La información con abundante apoyo fotográfico sobre los funcionarios de la Ciudad de la Justicia de Valencia que fichan a la entrada y se marchan no sólo ha suscitado una contradictoria reacción de la Generalitat y los sindicatos, que se han extendido en variopintas justificaciones. Desde el pasado viernes, carteles con la fotografía del periodista de Levante-EMV que narró las primeras entregas del escándalo circulan y ocupan paredes y otros espacios de salas del complejo, incluida la de la Fiscalía, esa institución que, precisamente, tiene encomendada constitucionalmente la defensa de la legalidad y la persecución del delito tanto de oficio como a instancia de parte.

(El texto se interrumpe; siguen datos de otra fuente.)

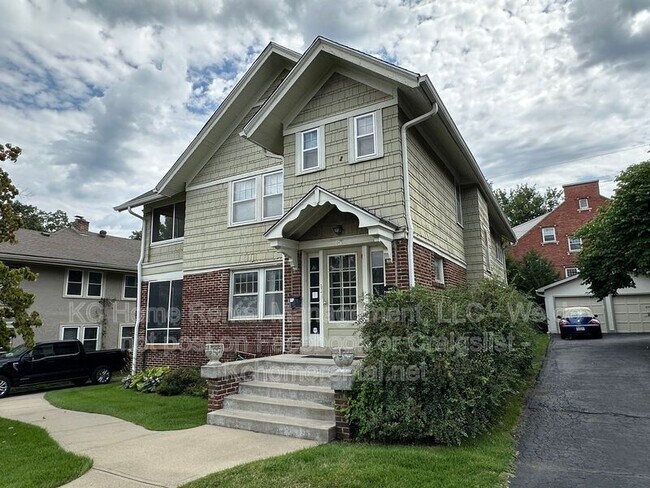 Building Photo - 207 W 51 Terrace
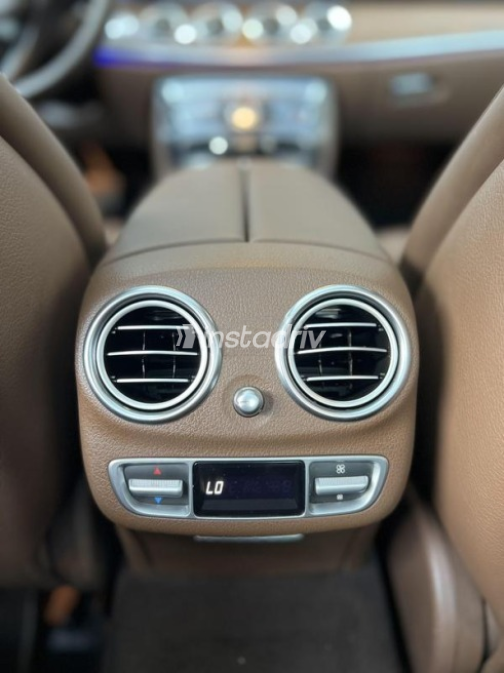 Mercedes E 180 2018 Gray Used for Sale - 10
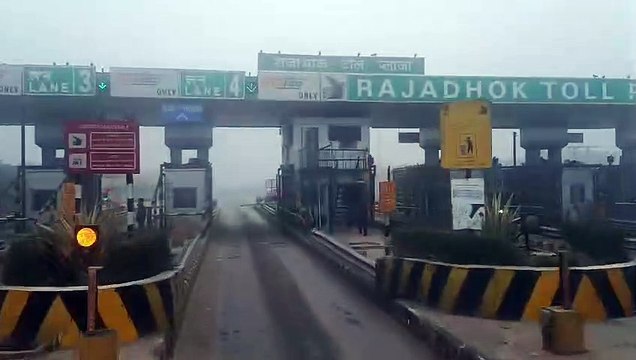 चहुं ओर छाया कोहरा, हाइवे पर थमे वाहनों के पहिए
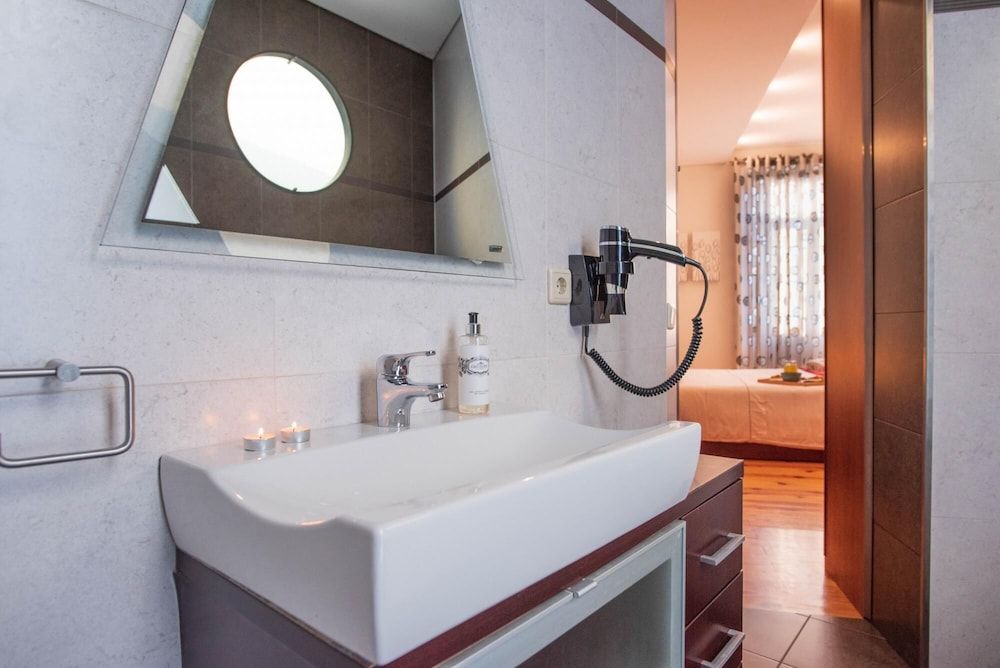 undefined Feel Porto Modern Villa 9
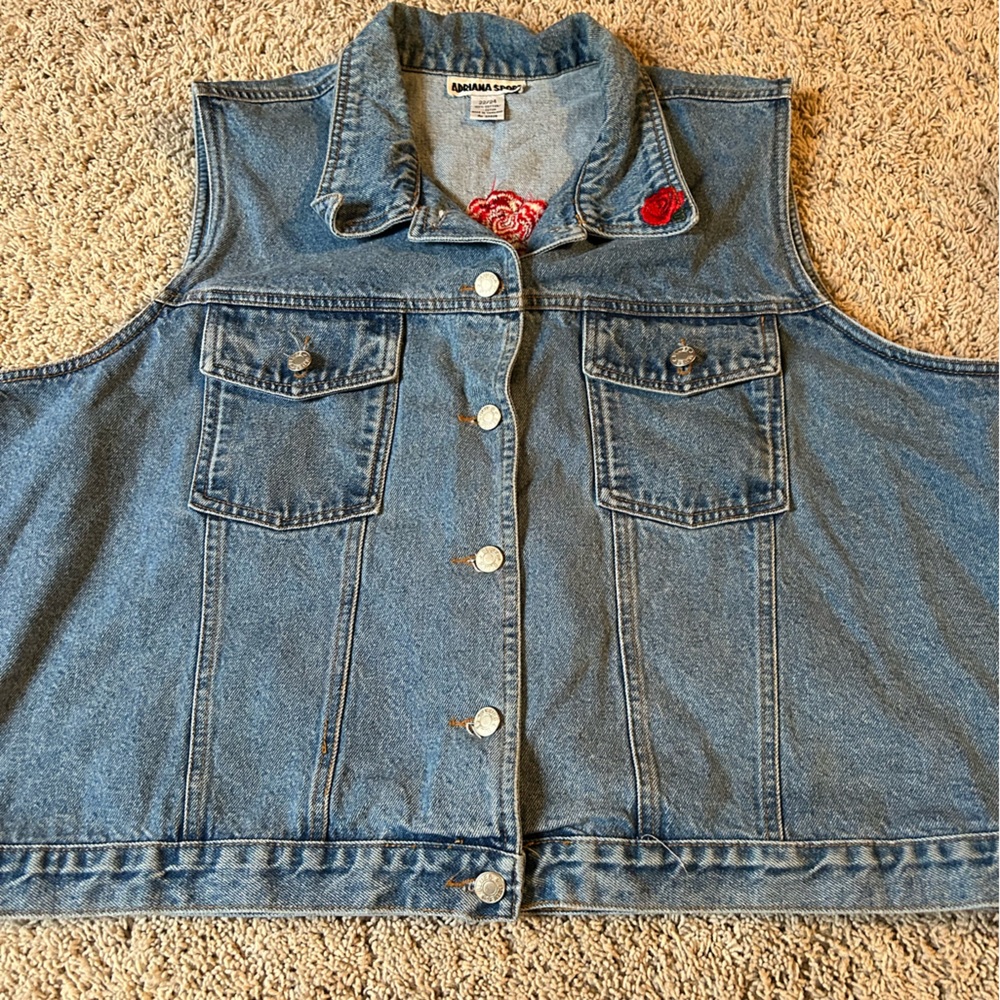 Vintage Adriana Sport denim rose vest size 22/24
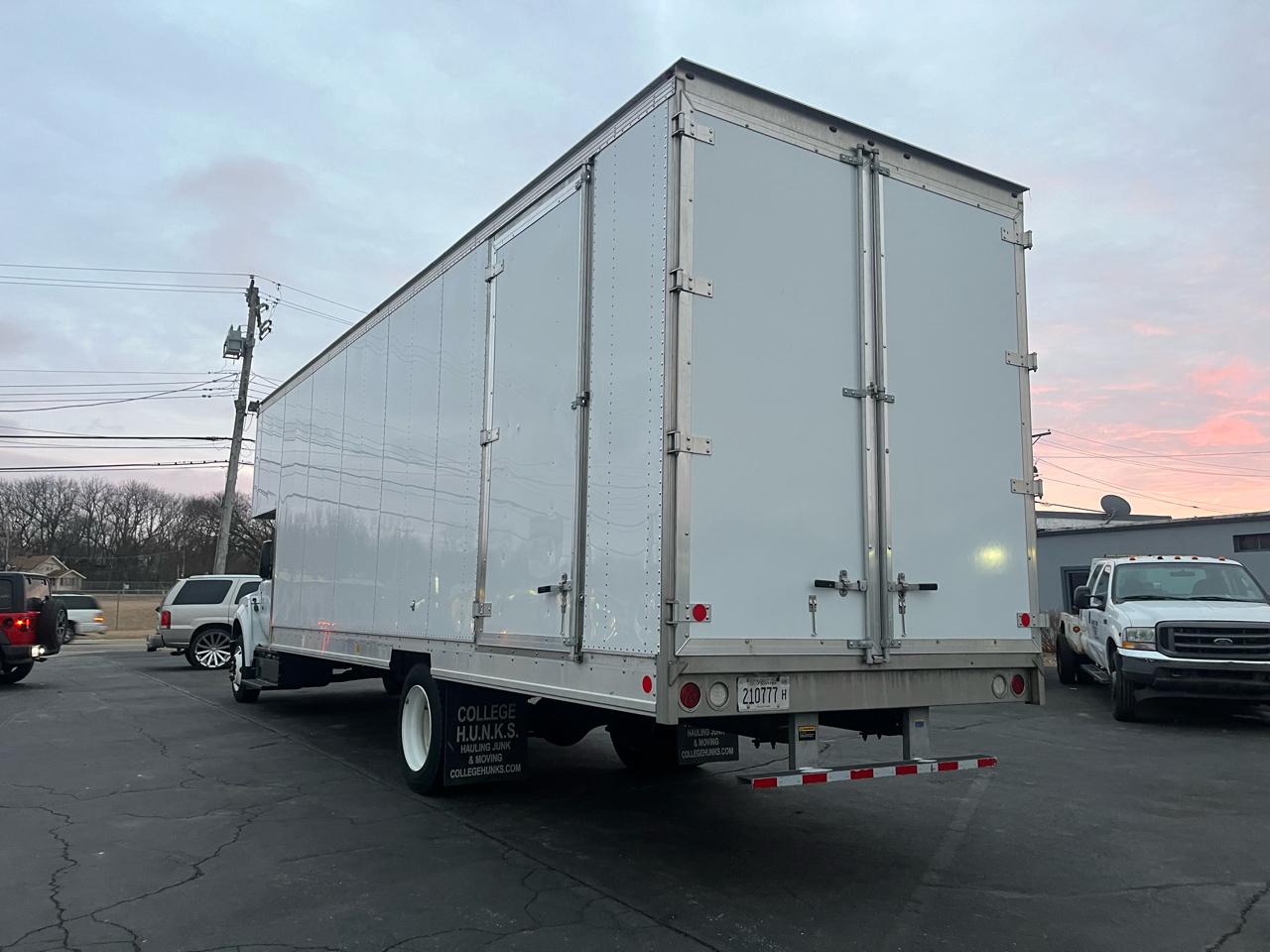 Ford F-650 Straight Frame Gas SuperCab 2024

Como si estuviéramos en los tiempos del lejano Oeste americano, los profesionales que pusieron de relieve una información cierta, demostrada y de gran interés son señalados y estigmatizados cual delincuentes con el fin de entorpecer al máximo su tarea informativa.

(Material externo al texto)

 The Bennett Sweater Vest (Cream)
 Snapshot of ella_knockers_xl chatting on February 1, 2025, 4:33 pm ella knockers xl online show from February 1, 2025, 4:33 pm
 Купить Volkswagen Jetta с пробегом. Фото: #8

Matar al mensajero es una atrocidad que ha estado y está a la orden del día en según qué épocas, inframundos, países y regímenes políticos. Pero que se practique ahora y aquí y en el lugar donde se imparte justicia y donde por tanto menudean los secretarios, jueces y fiscales, resulta doblemente inadmisible. Por más que la modalidad elegida por los absentistas para perpetrar su venganza haya sido el asesinato de carácter, ni el fiscal superior de la CV Ricard Cabedo ni la fiscal jefe de Valencia Teresa Gisbert pueden llamarse a andana como ha terminado haciendo Rafael Blasco respecto al escaqueo funcionarial.